Ma la migliore garanzia per il reparto arretrato del Napoli è la presenza sulla panchina di uno specialista come Conte, che nei suoi ultimi 5 campionati di Serie A da allenatore (tre alla Juventus e due all’Inter) ha sempre avuto la difesa meno battuta del torneo. Adesso il tecnico leccese si è messo in testa di ottenere lo stesso risultato pure alla guida dagli azzurri e per riuscirci sta lavorando duramente su due fronti: dal punto di vista tattico e – persino di più – psicologico. C’erano infatti da rimuovere le ingenti macerie lasciate dalla scorsa stagione e l’avvio da horror del 18 agosto a Verona – con i tre gol subiti nel secondo tempo allo stadio Bentegodi – aveva fatto addirittura temere che i limiti difensivi della squadra fossero irrimediabili, in quanto strutturali. Invece il recupero di Alessandro Buongiorno (assente per un infortunio alla caviglia nella trasferta in Veneto) ha subito migliorato la situazione e un po’ alla volta stanno crescendo di rendimento anche tutti i suoi compagni, in particolare Giovanni Di Lorenzo e Amir Rrahmani.
Conte li ha aiutati a superare le loro insicurezze puntando all’inizio sulla difesa a tre, che riduce gli spazi da coprire in marcatura per i centrali.

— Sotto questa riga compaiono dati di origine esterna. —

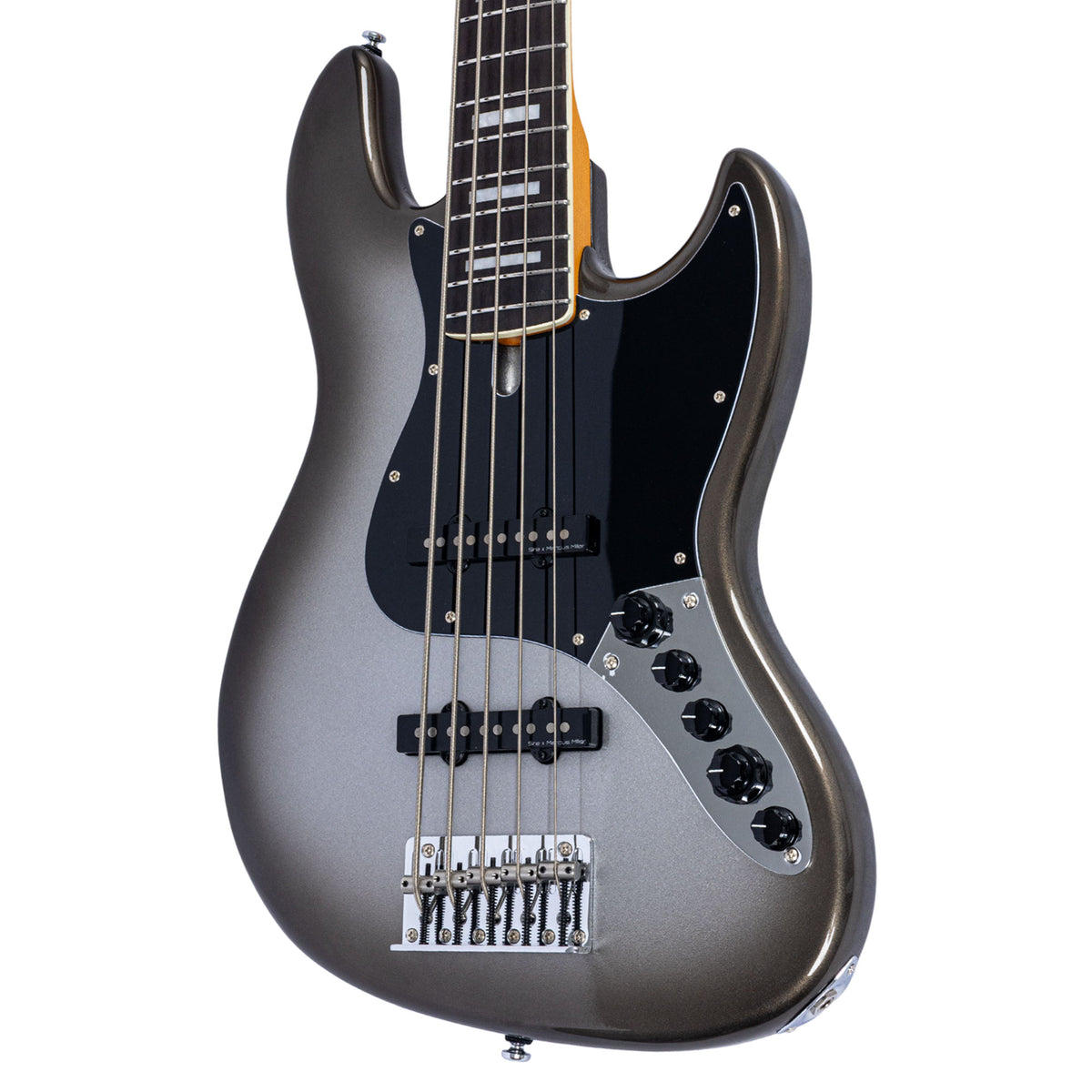 Sire Marcus Miller V7 5-String Mercury (New Gen) Bass Guitars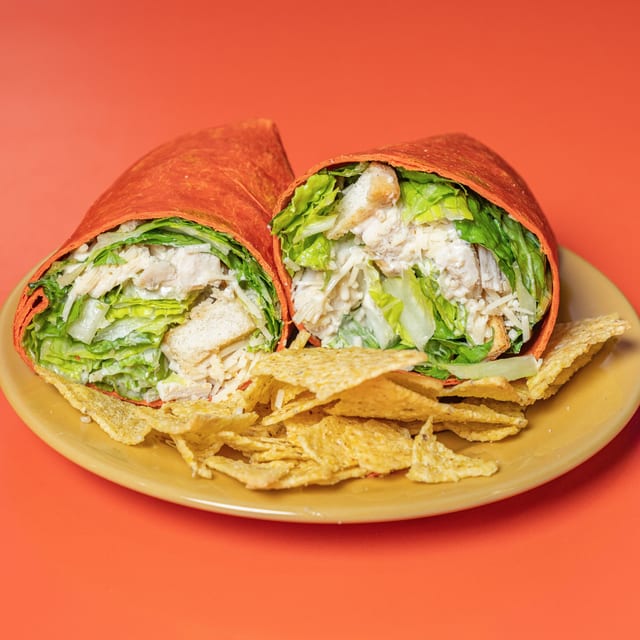 Classic Chicken Caesar.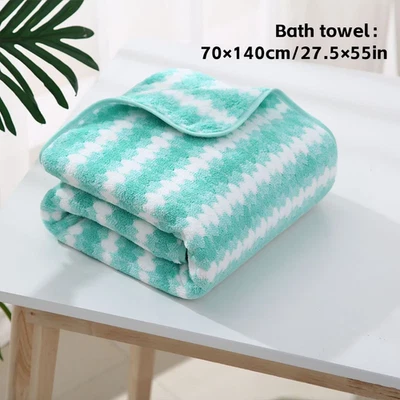 Absorbent Fast Drying Towel Home Bathroom Kitchen Dishes Table Wiping Cloth NEW - Image 1 of 4
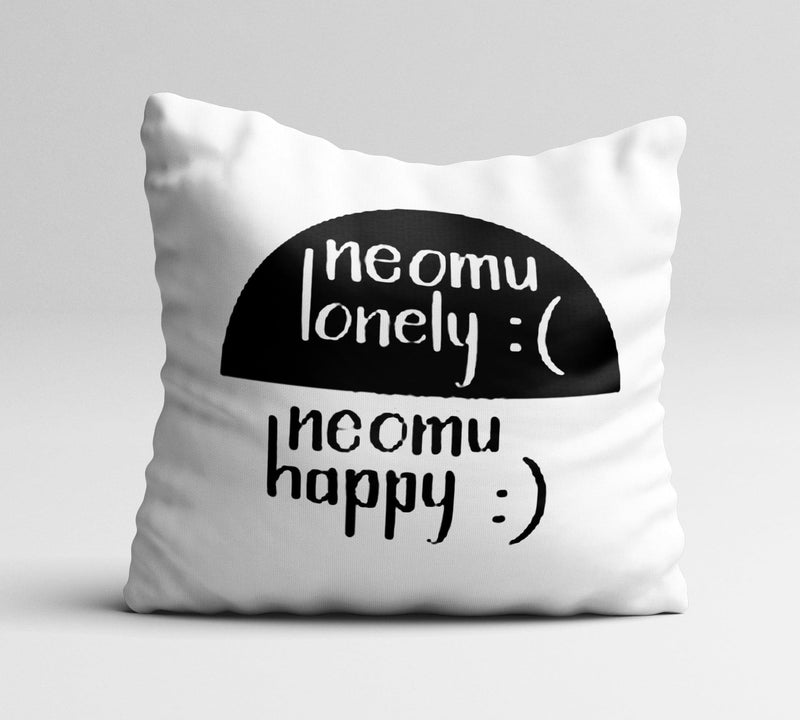 NCT Cushion LUCAS “Neomu Lonely, Neomu Happy”  Kpop Army Fanart - Kpop Store Pakistan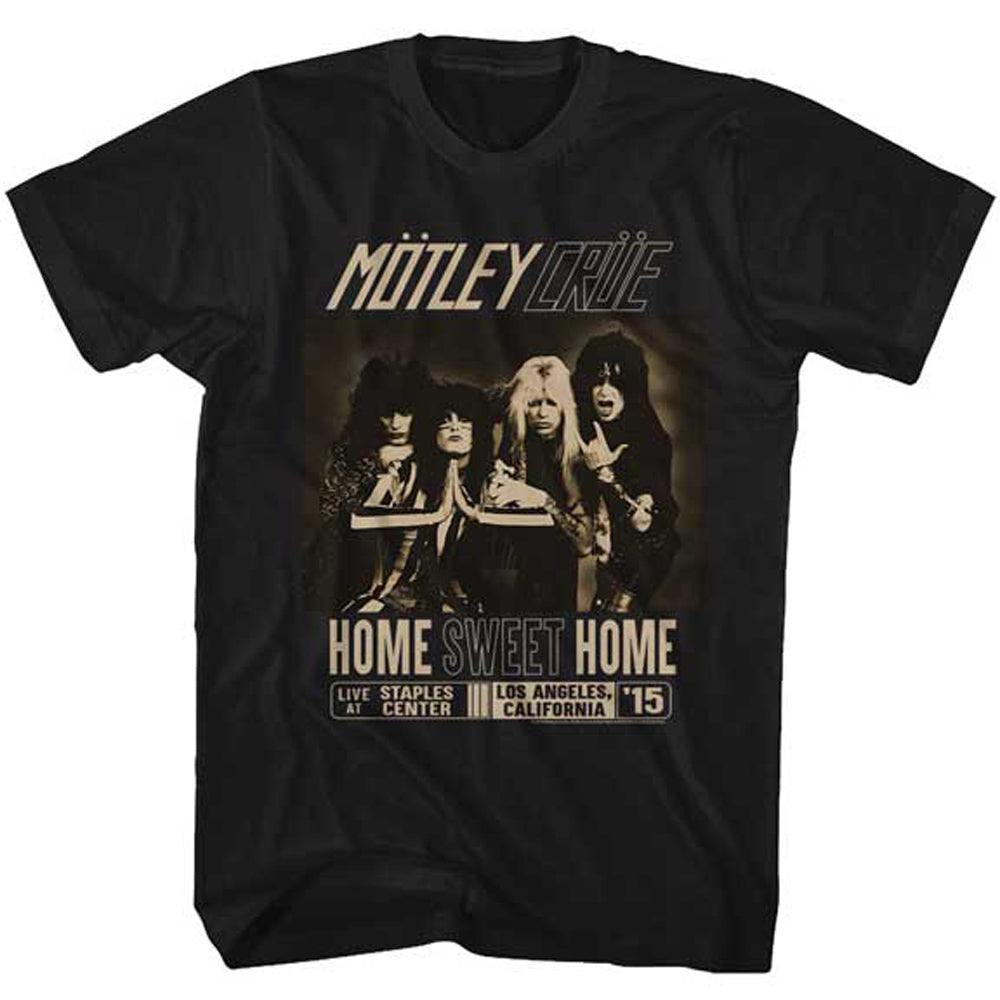 MOTLEY CRUE - (来日 40周年 ) - HOME SWEET HOME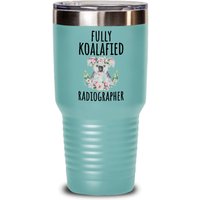 Radiograph Reisebecher Abschlussgeschenk Absolvent Isolierter Becher Qualifizierte Radiographie Koalafied Geschenke von FloraLoveGiftStore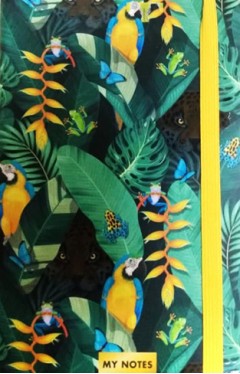 Hidden Tiger Lined Journal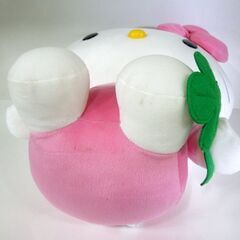 ハローキティ BIGサイズ（全長37cm）キティちゃん ぬいぐるみ タグ付き フコクしんらい フコク生命 サンリオ 当時物 札幌市 新道東店の画像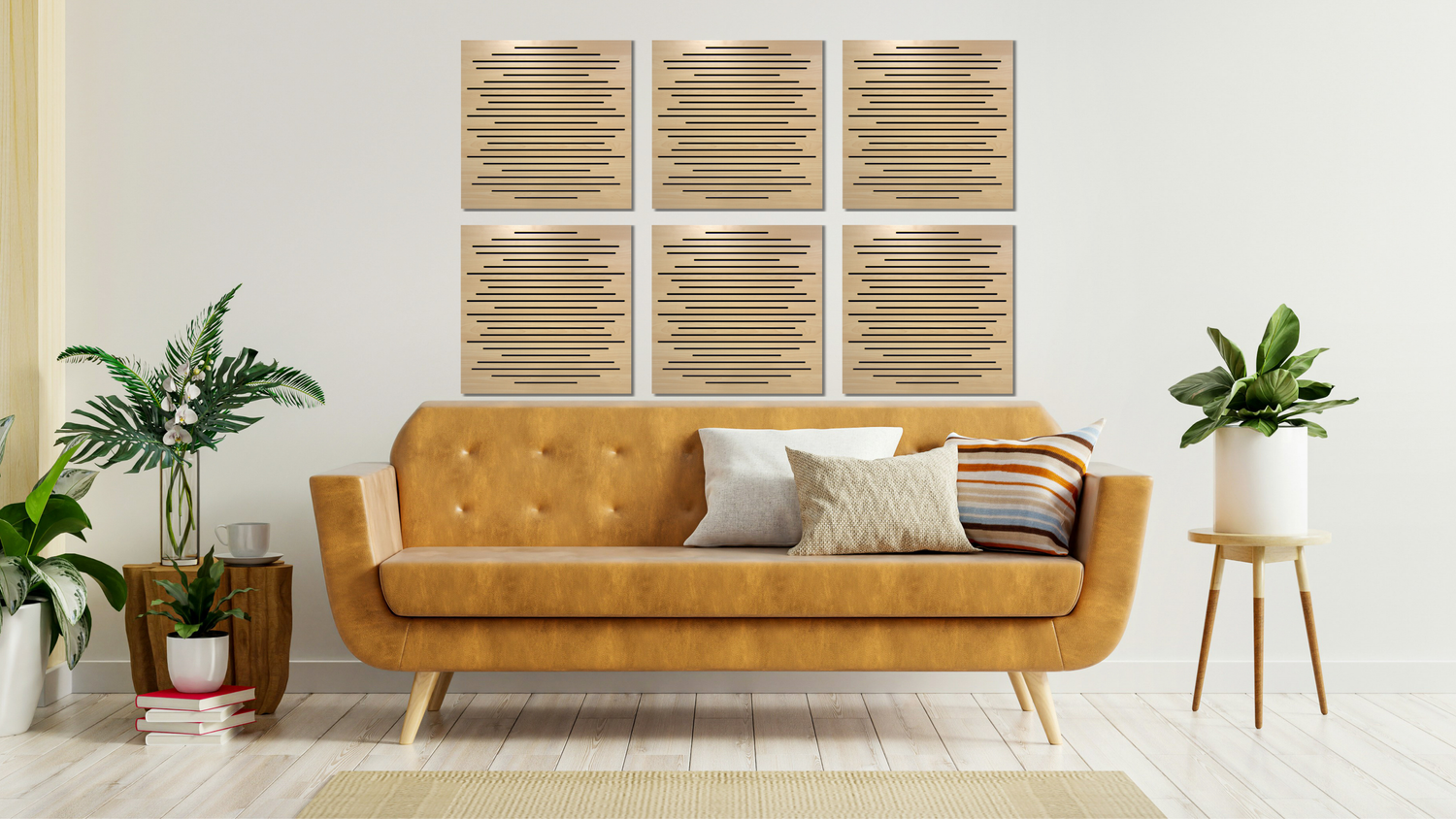 Acoustic Foam Diffusers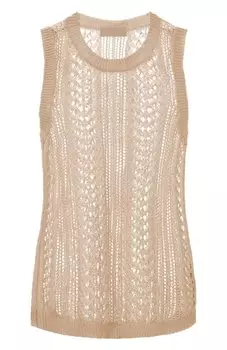 Топ изо льна и хлопка MVST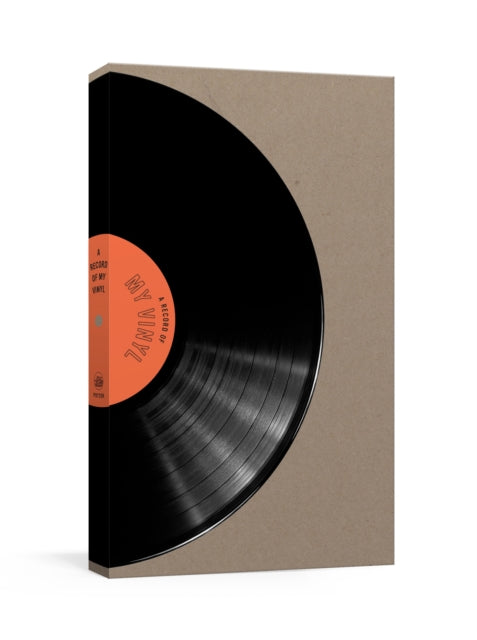Book cover of: Record of My Vinyl. By: Potter Gift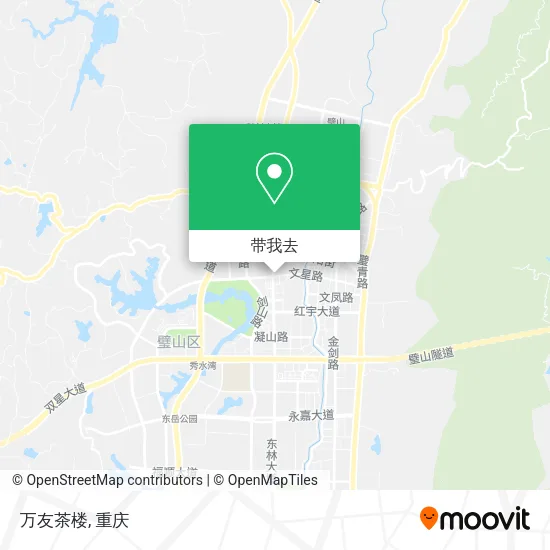 万友茶楼地图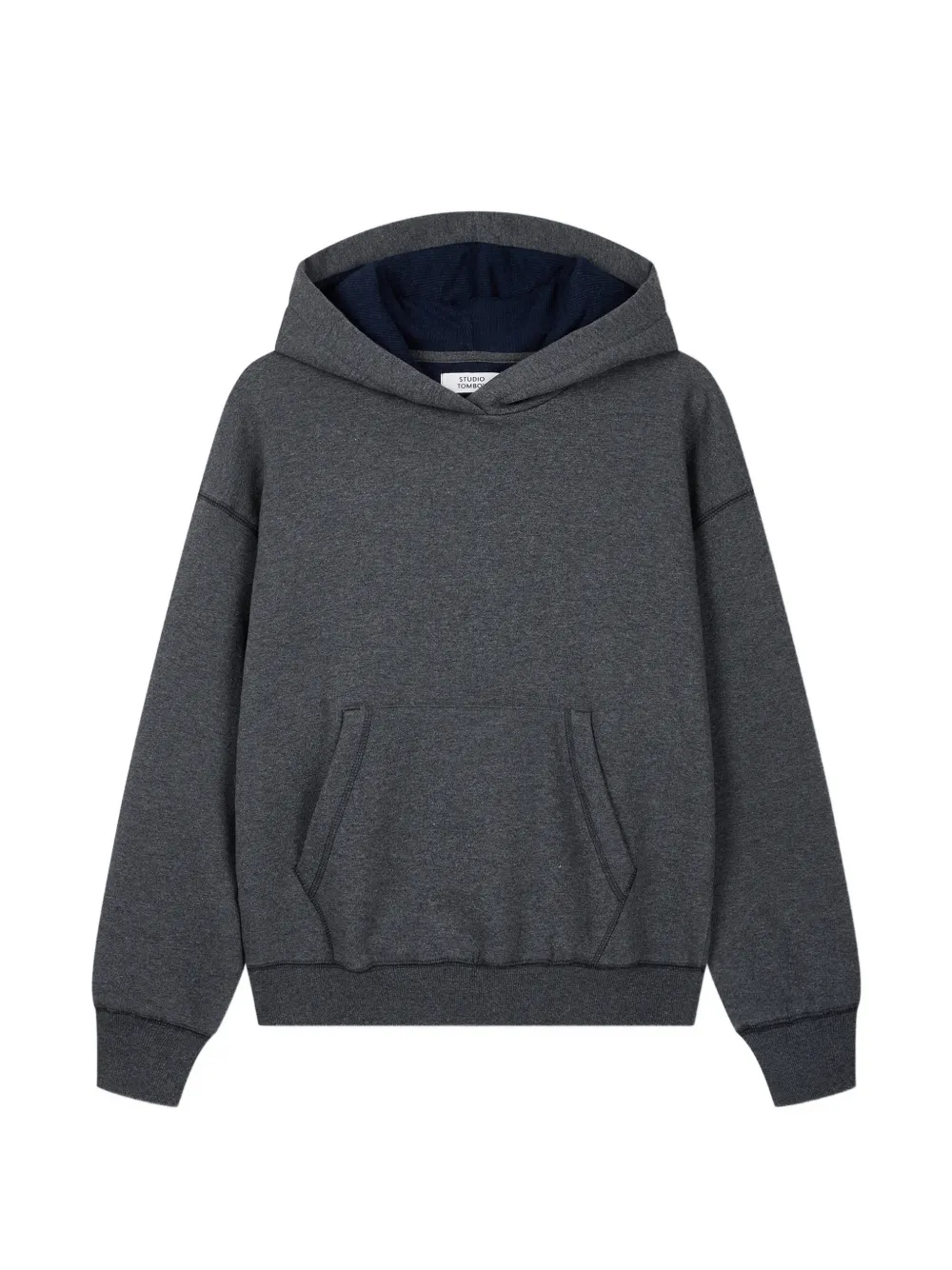 TOMBOY pouch-pocket hoodie - Grigio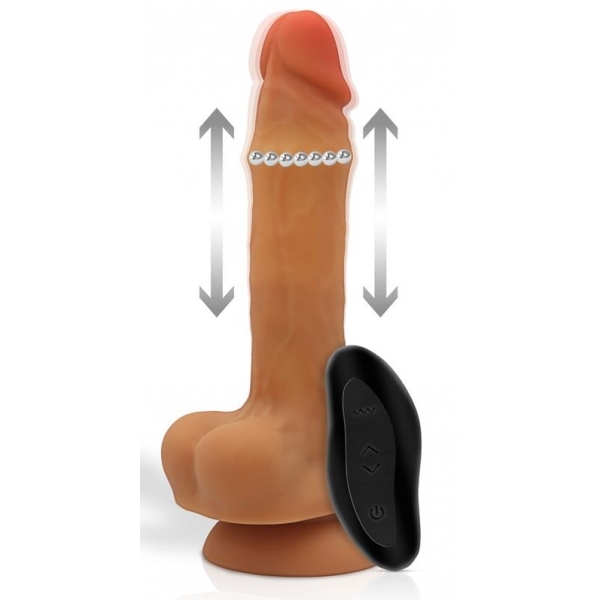 Vibrerende dildo Adriano Centauro 15 x 4cm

Missione compiuta, visto che il Napoli s’è lasciato in fretta alle spalle il doloroso contrattempo di Verona e ha cominciato a ritrovare compattezza e solidità grazie al 3-4-2-1. Ma gli acquisti alla fine del mercato di due centrocampisti di grande valore come McTominay e Gilmour, sommati alla ritrovata autostima di Di Lorenzo e dei suoi compagni, hanno permesso al tecnico leccese di ritornare già a Torino contro la Juventus al modulo 4-3-3, che gli azzurri conoscono a memoria e avevano sempre utilizzato come un punto di forza fino al disastro della scorsa stagione. Al di là dell’assetto tattico, però, la riscoperta solidità del reparto arretrato si spiega soprattutto con i consigli, la carica agonistica e la tranquillità trasmessi dai giocatori alla panchina, insieme alla condizione fisica di nuovo al top.
Emblematica la crescita di Meret, decisivo contro Modena, Bologna, Parma e Cagliari. Ora il portiere si ferma e tocca a Caprile, dalla sfida di Coppa Italia di giovedì al Maradona (21) col Palermo. Il bunker del Napoli è nelle sue mani.